Your objective: All lines from the one containing "Lane 1: NIH-3T3" through the end of the material are to be given back exactly, without pictures.

Collected data:
^^^^^^^^

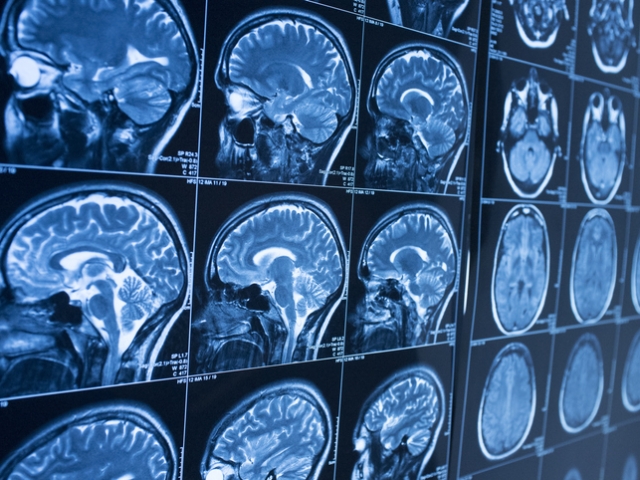 Study Compares Transgender, Cisgender Brain Scans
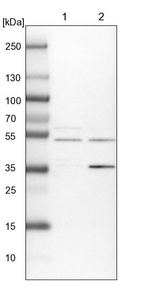 Lane 1: NIH-3T3 cell lysate (Mouse embryonic fibroblast cells)_br/_Lane 2: NBT-II cell lysate (Rat Wistar bladder tumour cells)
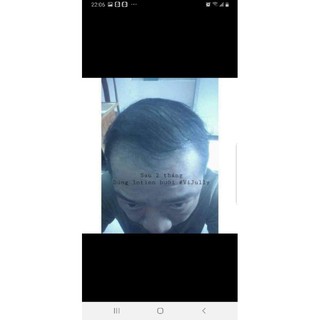 [KÍCH THÍCH MỌC TÓC 100%] TINH DẦU BƯỞI KÍCH THÍCH MỌC TOC-TRỊ RỤNG TÓC VIJULLY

^^^^^^^^

Output of the exercise:
 Lane 1: NIH-3T3 cell lysate (Mouse embryonic fibroblast cells)_br/_Lane 2: NBT-II cell lysate (Rat Wistar bladder tumour cells)
 [KÍCH THÍCH MỌC TÓC 100%] TINH DẦU BƯỞI KÍCH THÍCH MỌC TOC-TRỊ RỤNG TÓC VIJULLY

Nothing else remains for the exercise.